Each patient underwent complete physical examination, including pelvic examination for clinical staging (under anesthesia if needed). Other investigations included complete hemogram, blood biochemistry, urine routine and microscopic examination, chest X-ray (posteroanterior (P-A) view), ultrasound abdomen and pelvis, and computed tomography (CT) abdomen and pelvis. To exclude the bladder involvement; urine cytology, cystoscopy, or intravenous pyelography was done in patients who were either symptomatic or showed bladder or rectum involvement on ultrasonography (USG) or CT.
Based upon the clinical stage, computer generated charts were used to randomize patients into the study or control group. In the study arm, patients underwent six fractions per week (accelerated) radiotherapy (ART) alone: 50 Gy for a total 25# in 4 weeks. In the control group (CRT), patients were treated with standard concurrent chemoradiotherapy. EBRT 50 Gy in 25 fractions within 5 weeks concurrently with injection cisplatin 40 mg/m 2 on D1 of every week. Intracavitary brachytherapy (ICBT) was given at the earliest (using Selectron remote controlled LDR system, 137Cs based), giving a dose of 35 Gy to point A. If the patients were not fit for ICBT, they were treated with supplement radiation therapy. A total of 20 Gy were given over 10 fractions at 200cGy per fraction over 2 weeks with injection cisplatin weekly in the control arm. In the study arm, 20 Gy was given in 10 fractions in 1.5 weeks at six fractions per week.
EBRT was given by teletherapy Theratron 780e and Equinox Cobalt 60 machines. Pelvic radiation was delivered by anteroposterior and posteroanterior parallel ports or a four-field box technique (anteroposterior, posteroanterior, and two lateral fields) for patients with separation greater than 20 cm. Minimum margins were the upper margin of L5 (superiorly), the lower margin of the obturator foramen or the lowest extension of the disease (inferiorly), and 1.5–2.0 cm beyond lateral margins of bony pelvis and its widest plane (laterally). For the lateral fields, the anterior margin was the anterior edge of symphysis. The posterior margin at the S2–S3 interspace was used. Midline shielding was added after 44 Gy to decrease the dose to bladder and rectum in both the arms so that intracavitary dose is not compromised and the total dose can be can be given upto 85 Gy.
The irradiated volume included the whole uterus, the paracervical, parametrium uterosacral regions as well as the external iliac, hypogastric, and obturator lymph nodes. Planned duration was 6–9 weeks. Radiotherapy was to be withheld if the patient had a leukocyte count less than 3,000 per mm 3 and delays of 1 week were to be allowed in the event of gastrointestinal or genitourinary toxicity. Patients were assessed at the end of treatment for disease response and every week for toxicities. Toxicities were monitored and Eastern Cooperative Oncology Group (ECOG) toxicity criteria were utilized to assess and document hematologic toxicities and the Radiotherapy and Oncology Group (RTOG) acute morbidity criteria to assess toxicities from radiotherapy.
First follow-up was done at 6 weeks.

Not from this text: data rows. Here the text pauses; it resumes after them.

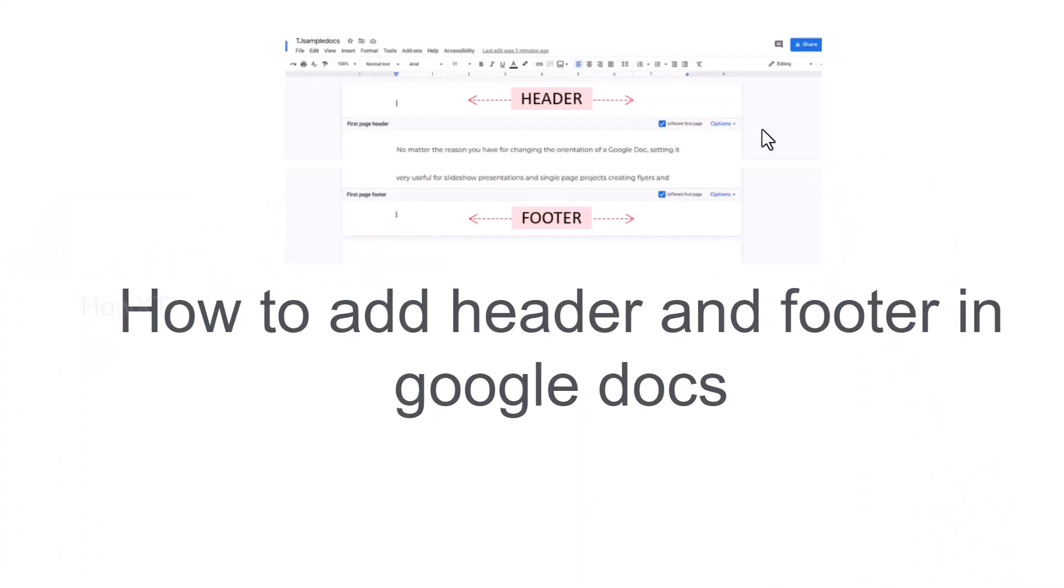Good day to everyone. Today I would like to share how to add header and footer in Google Docs. Let me show you how to do that.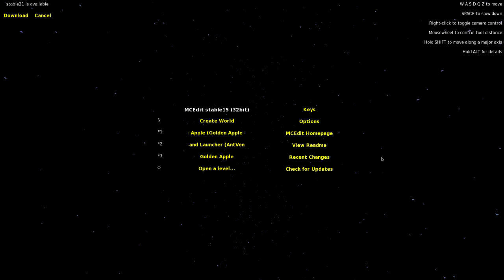Hey guys, Antonim here and welcome back to another Minecraft video. Today I'm going to be giving you guys a more advanced look into the MC Edit program. If you guys want a basic guide on how this program works, be sure to check the link in the description. In this video I'm going to be giving you guys a few more advanced tips and tricks — nudging schematics, changing up mob traps, and stuff like that.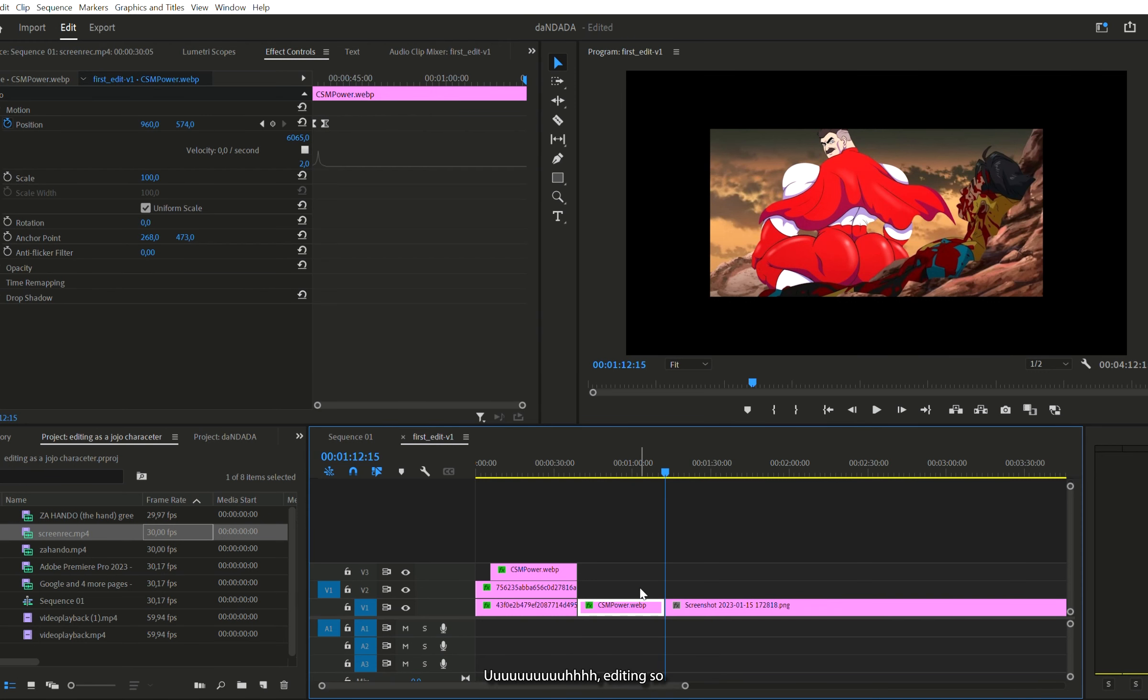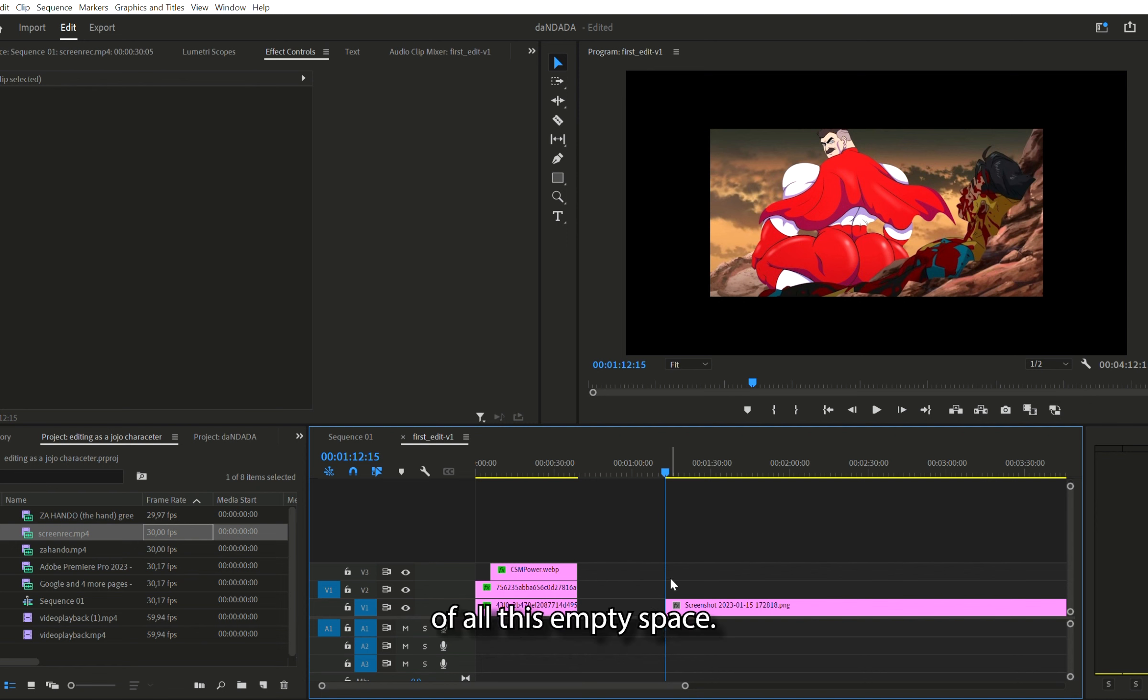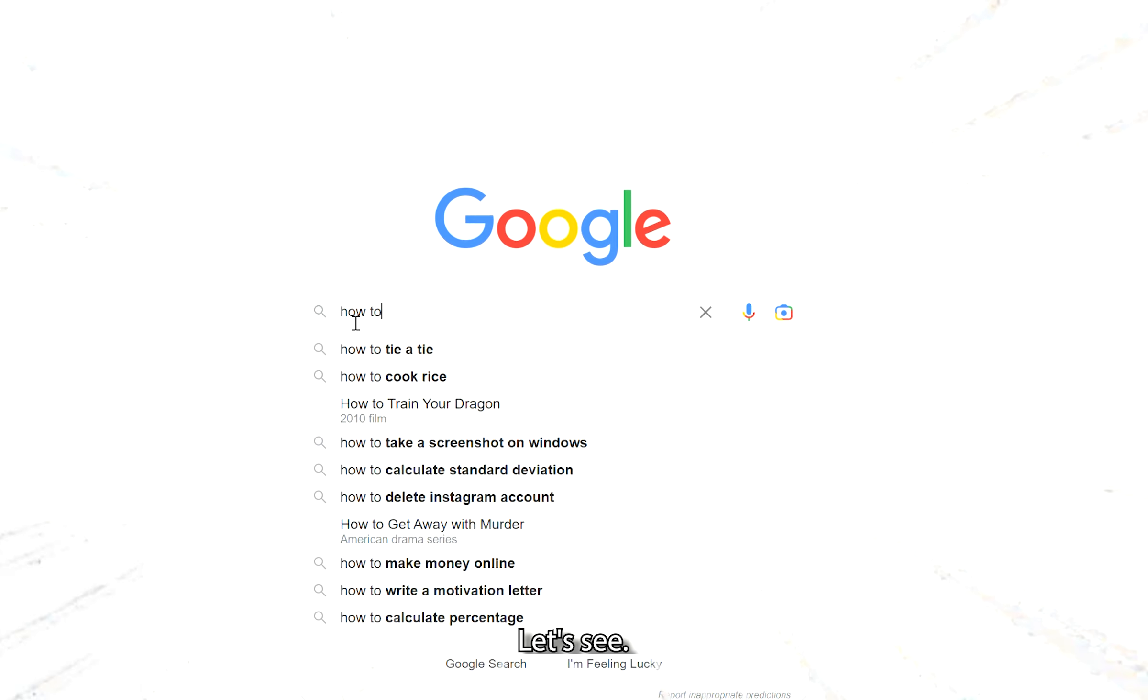Oh, editing is so boring. There must be a better way to get rid of all this empty space. Hmm, let's see.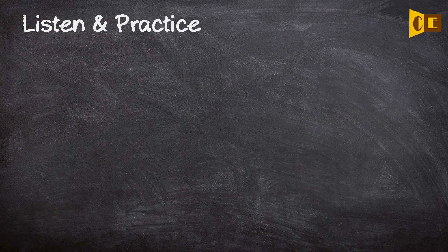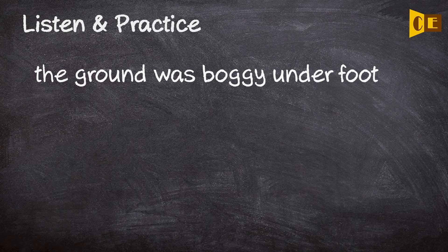Listen and practice: The ground was boggy underfoot. The ground was boggy underfoot.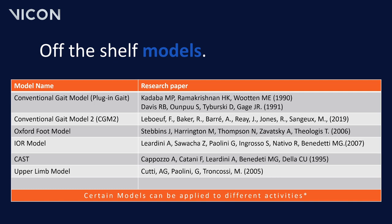All the modeling options mentioned have a form of integration available within Nexus, be it a native integration like the two scripting languages Python and MATLAB, or via a pipeline operation and/or the Vicon Data Stream SDK. Now that we have looked at the different modeling applications available, here's a list of a few of the off-the-shelf models you can use within Vicon. It is important to note that certain models can be applied to different activities. You can also find a library of available models on the Vicon website.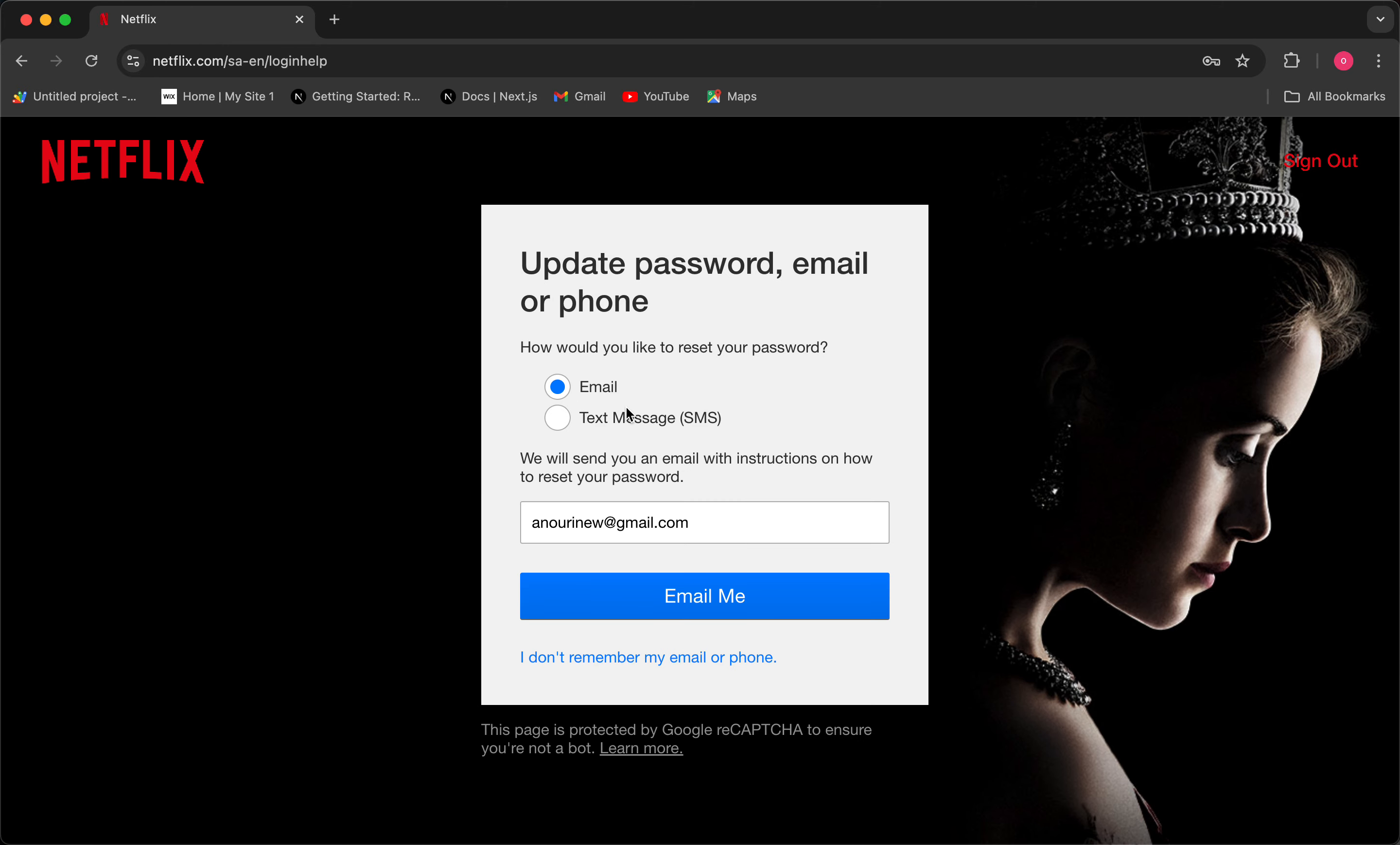Then you're going to be directed to a page where you can enter your email or phone number and you're going to be delivered a message telling you what to do, a message telling you how to reset your password. And yeah, this is how easy it is. Hope that video is helpful.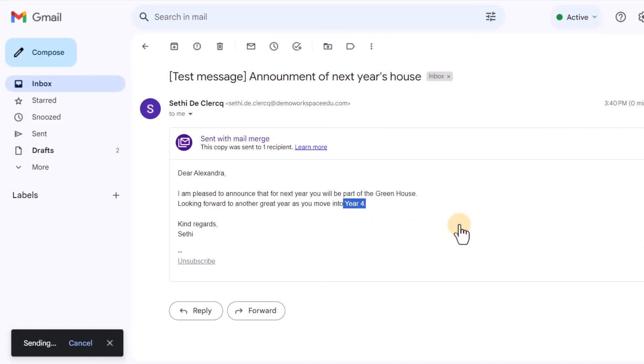All these emails are now being sent out from within Gmail. This is a built-in mail merge. Incredibly helpful.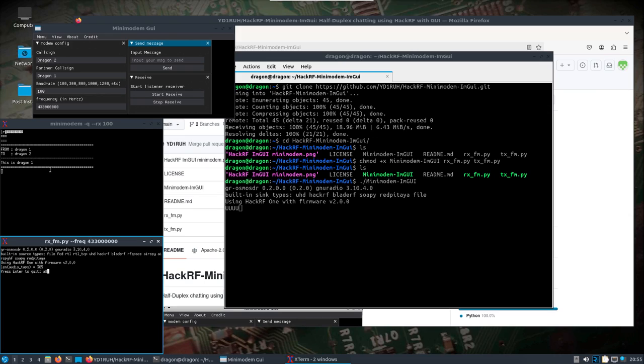There you go — pretty straightforward. I like how it uses multiple different programs and especially has the GUI there that makes it fairly simple for anyone to jump in and use. Keep an eye on this project — maybe it will add more features in the future. Hopefully that helps. Have a good one.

A complete gynecological examination accompanied with systemic examination was performed and subsequent follow-up was done at every 2 months till 1 year and subsequently 3 monthly. Patients were examined locally for any acute and late toxicity. Late toxicities were graded according to the RTOG criteria. Patients who were having persistent tumor were considered for salvage surgery if the disease was resectable. Adjuvant chemotherapy was administered in patients with unresectable disease.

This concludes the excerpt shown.